> **Data for processing**
Segment Open
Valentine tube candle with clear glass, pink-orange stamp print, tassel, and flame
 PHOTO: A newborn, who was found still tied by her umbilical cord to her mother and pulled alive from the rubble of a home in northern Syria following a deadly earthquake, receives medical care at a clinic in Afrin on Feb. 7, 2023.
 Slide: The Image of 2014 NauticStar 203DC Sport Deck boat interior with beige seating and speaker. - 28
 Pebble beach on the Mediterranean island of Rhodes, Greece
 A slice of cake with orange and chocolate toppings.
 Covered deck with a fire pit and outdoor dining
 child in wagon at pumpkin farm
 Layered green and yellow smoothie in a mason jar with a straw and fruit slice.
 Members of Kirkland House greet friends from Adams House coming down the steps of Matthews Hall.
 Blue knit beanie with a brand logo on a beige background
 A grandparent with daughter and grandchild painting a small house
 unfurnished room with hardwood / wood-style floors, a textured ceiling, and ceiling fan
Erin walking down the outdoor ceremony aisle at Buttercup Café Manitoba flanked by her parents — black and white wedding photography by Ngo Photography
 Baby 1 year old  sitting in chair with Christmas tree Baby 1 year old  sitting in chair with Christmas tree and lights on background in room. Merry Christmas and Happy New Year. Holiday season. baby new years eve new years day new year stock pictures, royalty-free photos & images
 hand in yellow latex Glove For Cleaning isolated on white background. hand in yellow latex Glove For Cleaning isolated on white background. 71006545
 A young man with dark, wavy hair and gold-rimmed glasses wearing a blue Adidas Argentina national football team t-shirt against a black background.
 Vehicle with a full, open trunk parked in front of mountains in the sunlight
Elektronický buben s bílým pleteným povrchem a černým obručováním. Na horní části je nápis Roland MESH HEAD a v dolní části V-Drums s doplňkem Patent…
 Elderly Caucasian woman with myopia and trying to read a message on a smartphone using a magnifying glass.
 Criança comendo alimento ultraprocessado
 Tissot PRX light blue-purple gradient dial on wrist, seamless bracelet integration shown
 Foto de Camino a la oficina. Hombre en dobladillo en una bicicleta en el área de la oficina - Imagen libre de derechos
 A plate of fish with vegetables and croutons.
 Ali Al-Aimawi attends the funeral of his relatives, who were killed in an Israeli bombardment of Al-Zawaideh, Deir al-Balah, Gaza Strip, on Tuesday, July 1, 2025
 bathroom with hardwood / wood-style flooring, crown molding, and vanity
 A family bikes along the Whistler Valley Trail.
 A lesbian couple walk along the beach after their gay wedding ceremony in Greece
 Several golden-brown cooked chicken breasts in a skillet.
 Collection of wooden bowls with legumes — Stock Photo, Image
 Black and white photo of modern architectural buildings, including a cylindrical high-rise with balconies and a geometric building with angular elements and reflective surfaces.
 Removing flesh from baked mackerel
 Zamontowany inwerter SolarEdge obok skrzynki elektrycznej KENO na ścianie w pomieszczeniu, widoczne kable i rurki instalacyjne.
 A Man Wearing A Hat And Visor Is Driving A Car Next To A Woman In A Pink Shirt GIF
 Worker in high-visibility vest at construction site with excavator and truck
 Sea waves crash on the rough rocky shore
Segment Closed
> **Task item**
In the listing above, find the lines holding the word "down" and copy them.

> **Response below**
 Members of Kirkland House greet friends from Adams House coming down the steps of Matthews Hall.
Erin walking down the outdoor ceremony aisle at Buttercup Café Manitoba flanked by her parents — black and white wedding photography by Ngo Photography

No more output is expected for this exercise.